→ ACTION ITEM: Each entry needs to be retyped exactly.
RECORDS FOR THIS TASK Start Marker
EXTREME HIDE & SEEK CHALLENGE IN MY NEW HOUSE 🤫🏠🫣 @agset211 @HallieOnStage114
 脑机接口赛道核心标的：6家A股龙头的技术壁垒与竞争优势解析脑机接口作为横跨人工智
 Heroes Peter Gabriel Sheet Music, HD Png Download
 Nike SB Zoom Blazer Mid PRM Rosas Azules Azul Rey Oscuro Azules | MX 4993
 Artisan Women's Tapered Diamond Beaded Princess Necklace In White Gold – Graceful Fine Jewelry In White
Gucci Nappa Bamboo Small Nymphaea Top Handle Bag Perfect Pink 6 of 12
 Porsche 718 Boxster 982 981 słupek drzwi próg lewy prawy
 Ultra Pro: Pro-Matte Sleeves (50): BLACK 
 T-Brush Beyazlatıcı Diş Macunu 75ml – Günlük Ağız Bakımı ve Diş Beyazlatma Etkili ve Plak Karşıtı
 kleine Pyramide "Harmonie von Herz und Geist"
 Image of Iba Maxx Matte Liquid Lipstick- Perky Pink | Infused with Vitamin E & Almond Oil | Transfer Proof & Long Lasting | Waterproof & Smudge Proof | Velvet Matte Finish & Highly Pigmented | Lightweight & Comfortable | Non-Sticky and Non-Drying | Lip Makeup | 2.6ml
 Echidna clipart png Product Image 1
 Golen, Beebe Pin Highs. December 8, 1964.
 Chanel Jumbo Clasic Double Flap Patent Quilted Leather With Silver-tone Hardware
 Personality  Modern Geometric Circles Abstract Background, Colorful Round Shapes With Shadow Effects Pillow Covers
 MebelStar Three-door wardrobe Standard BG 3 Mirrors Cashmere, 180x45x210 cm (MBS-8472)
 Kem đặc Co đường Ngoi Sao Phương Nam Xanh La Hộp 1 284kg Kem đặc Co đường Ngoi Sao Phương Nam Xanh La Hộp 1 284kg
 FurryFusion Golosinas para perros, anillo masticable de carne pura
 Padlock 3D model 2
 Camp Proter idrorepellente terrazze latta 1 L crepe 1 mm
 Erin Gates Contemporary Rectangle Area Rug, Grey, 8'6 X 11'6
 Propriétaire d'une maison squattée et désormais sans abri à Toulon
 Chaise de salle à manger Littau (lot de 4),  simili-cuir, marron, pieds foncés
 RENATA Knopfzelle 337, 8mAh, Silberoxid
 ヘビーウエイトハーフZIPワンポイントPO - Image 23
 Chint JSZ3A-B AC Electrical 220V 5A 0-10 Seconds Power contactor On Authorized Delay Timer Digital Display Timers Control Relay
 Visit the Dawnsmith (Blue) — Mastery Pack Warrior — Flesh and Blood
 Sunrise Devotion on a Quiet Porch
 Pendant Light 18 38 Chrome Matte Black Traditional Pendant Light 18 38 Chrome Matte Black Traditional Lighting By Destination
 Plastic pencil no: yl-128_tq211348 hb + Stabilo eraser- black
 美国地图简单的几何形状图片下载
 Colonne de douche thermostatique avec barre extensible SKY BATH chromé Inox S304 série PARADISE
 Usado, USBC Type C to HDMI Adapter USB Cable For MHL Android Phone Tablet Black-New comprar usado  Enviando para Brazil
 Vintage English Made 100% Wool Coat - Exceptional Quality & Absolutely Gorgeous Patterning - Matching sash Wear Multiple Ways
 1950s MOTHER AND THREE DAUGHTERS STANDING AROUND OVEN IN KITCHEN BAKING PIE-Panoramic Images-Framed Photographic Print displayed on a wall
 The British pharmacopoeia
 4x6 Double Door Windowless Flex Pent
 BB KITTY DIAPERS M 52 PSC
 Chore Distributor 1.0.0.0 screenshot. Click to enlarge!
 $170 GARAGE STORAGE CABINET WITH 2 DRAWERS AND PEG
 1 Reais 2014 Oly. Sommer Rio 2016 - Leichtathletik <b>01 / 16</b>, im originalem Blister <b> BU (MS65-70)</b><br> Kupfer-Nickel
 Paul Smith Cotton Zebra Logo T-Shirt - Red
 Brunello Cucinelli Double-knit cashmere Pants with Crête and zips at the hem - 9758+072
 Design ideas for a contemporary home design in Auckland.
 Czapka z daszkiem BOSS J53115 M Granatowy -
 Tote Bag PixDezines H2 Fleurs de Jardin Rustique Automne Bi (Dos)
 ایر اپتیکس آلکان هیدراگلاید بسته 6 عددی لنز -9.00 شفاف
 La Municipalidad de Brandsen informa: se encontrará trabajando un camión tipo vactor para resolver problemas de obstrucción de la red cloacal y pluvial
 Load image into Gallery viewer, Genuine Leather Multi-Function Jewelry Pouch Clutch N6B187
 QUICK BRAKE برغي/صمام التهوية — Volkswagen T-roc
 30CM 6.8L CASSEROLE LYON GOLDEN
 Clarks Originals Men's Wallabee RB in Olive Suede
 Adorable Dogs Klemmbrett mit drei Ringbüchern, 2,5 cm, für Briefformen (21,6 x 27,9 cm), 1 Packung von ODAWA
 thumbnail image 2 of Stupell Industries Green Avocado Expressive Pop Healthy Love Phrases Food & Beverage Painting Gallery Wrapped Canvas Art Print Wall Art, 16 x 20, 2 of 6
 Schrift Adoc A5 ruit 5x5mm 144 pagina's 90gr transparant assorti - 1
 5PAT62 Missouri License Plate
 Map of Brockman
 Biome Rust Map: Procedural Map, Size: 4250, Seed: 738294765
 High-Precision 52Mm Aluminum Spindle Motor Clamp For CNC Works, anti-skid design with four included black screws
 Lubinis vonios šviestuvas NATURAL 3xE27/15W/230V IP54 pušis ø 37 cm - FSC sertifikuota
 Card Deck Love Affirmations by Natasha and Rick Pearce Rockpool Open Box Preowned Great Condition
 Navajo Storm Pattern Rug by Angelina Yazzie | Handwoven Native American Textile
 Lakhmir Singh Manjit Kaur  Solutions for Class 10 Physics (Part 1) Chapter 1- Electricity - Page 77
RECORDS FOR THIS TASK End Marker
→ YOUR RESPONSE:
EXTREME HIDE & SEEK CHALLENGE IN MY NEW HOUSE 🤫🏠🫣 @agset211 @HallieOnStage114
 脑机接口赛道核心标的：6家A股龙头的技术壁垒与竞争优势解析脑机接口作为横跨人工智
 Heroes Peter Gabriel Sheet Music, HD Png Download
 Nike SB Zoom Blazer Mid PRM Rosas Azules Azul Rey Oscuro Azules | MX 4993
 Artisan Women's Tapered Diamond Beaded Princess Necklace In White Gold – Graceful Fine Jewelry In White
Gucci Nappa Bamboo Small Nymphaea Top Handle Bag Perfect Pink 6 of 12
 Porsche 718 Boxster 982 981 słupek drzwi próg lewy prawy
 Ultra Pro: Pro-Matte Sleeves (50): BLACK 
 T-Brush Beyazlatıcı Diş Macunu 75ml – Günlük Ağız Bakımı ve Diş Beyazlatma Etkili ve Plak Karşıtı
 kleine Pyramide "Harmonie von Herz und Geist"
 Image of Iba Maxx Matte Liquid Lipstick- Perky Pink | Infused with Vitamin E & Almond Oil | Transfer Proof & Long Lasting | Waterproof & Smudge Proof | Velvet Matte Finish & Highly Pigmented | Lightweight & Comfortable | Non-Sticky and Non-Drying | Lip Makeup | 2.6ml
 Echidna clipart png Product Image 1
 Golen, Beebe Pin Highs. December 8, 1964.
 Chanel Jumbo Clasic Double Flap Patent Quilted Leather With Silver-tone Hardware
 Personality  Modern Geometric Circles Abstract Background, Colorful Round Shapes With Shadow Effects Pillow Covers
 MebelStar Three-door wardrobe Standard BG 3 Mirrors Cashmere, 180x45x210 cm (MBS-8472)
 Kem đặc Co đường Ngoi Sao Phương Nam Xanh La Hộp 1 284kg Kem đặc Co đường Ngoi Sao Phương Nam Xanh La Hộp 1 284kg
 FurryFusion Golosinas para perros, anillo masticable de carne pura
 Padlock 3D model 2
 Camp Proter idrorepellente terrazze latta 1 L crepe 1 mm
 Erin Gates Contemporary Rectangle Area Rug, Grey, 8'6 X 11'6
 Propriétaire d'une maison squattée et désormais sans abri à Toulon
 Chaise de salle à manger Littau (lot de 4),  simili-cuir, marron, pieds foncés
 RENATA Knopfzelle 337, 8mAh, Silberoxid
 ヘビーウエイトハーフZIPワンポイントPO - Image 23
 Chint JSZ3A-B AC Electrical 220V 5A 0-10 Seconds Power contactor On Authorized Delay Timer Digital Display Timers Control Relay
 Visit the Dawnsmith (Blue) — Mastery Pack Warrior — Flesh and Blood
 Sunrise Devotion on a Quiet Porch
 Pendant Light 18 38 Chrome Matte Black Traditional Pendant Light 18 38 Chrome Matte Black Traditional Lighting By Destination
 Plastic pencil no: yl-128_tq211348 hb + Stabilo eraser- black
 美国地图简单的几何形状图片下载
 Colonne de douche thermostatique avec barre extensible SKY BATH chromé Inox S304 série PARADISE
 Usado, USBC Type C to HDMI Adapter USB Cable For MHL Android Phone Tablet Black-New comprar usado  Enviando para Brazil
 Vintage English Made 100% Wool Coat - Exceptional Quality & Absolutely Gorgeous Patterning - Matching sash Wear Multiple Ways
 1950s MOTHER AND THREE DAUGHTERS STANDING AROUND OVEN IN KITCHEN BAKING PIE-Panoramic Images-Framed Photographic Print displayed on a wall
 The British pharmacopoeia
 4x6 Double Door Windowless Flex Pent
 BB KITTY DIAPERS M 52 PSC
 Chore Distributor 1.0.0.0 screenshot. Click to enlarge!
 $170 GARAGE STORAGE CABINET WITH 2 DRAWERS AND PEG
 1 Reais 2014 Oly. Sommer Rio 2016 - Leichtathletik <b>01 / 16</b>, im originalem Blister <b> BU (MS65-70)</b><br> Kupfer-Nickel
 Paul Smith Cotton Zebra Logo T-Shirt - Red
 Brunello Cucinelli Double-knit cashmere Pants with Crête and zips at the hem - 9758+072
 Design ideas for a contemporary home design in Auckland.
 Czapka z daszkiem BOSS J53115 M Granatowy -
 Tote Bag PixDezines H2 Fleurs de Jardin Rustique Automne Bi (Dos)
 ایر اپتیکس آلکان هیدراگلاید بسته 6 عددی لنز -9.00 شفاف
 La Municipalidad de Brandsen informa: se encontrará trabajando un camión tipo vactor para resolver problemas de obstrucción de la red cloacal y pluvial
 Load image into Gallery viewer, Genuine Leather Multi-Function Jewelry Pouch Clutch N6B187
 QUICK BRAKE برغي/صمام التهوية — Volkswagen T-roc
 30CM 6.8L CASSEROLE LYON GOLDEN
 Clarks Originals Men's Wallabee RB in Olive Suede
 Adorable Dogs Klemmbrett mit drei Ringbüchern, 2,5 cm, für Briefformen (21,6 x 27,9 cm), 1 Packung von ODAWA
 thumbnail image 2 of Stupell Industries Green Avocado Expressive Pop Healthy Love Phrases Food & Beverage Painting Gallery Wrapped Canvas Art Print Wall Art, 16 x 20, 2 of 6
 Schrift Adoc A5 ruit 5x5mm 144 pagina's 90gr transparant assorti - 1
 5PAT62 Missouri License Plate
 Map of Brockman
 Biome Rust Map: Procedural Map, Size: 4250, Seed: 738294765
 High-Precision 52Mm Aluminum Spindle Motor Clamp For CNC Works, anti-skid design with four included black screws
 Lubinis vonios šviestuvas NATURAL 3xE27/15W/230V IP54 pušis ø 37 cm - FSC sertifikuota
 Card Deck Love Affirmations by Natasha and Rick Pearce Rockpool Open Box Preowned Great Condition
 Navajo Storm Pattern Rug by Angelina Yazzie | Handwoven Native American Textile
 Lakhmir Singh Manjit Kaur  Solutions for Class 10 Physics (Part 1) Chapter 1- Electricity - Page 77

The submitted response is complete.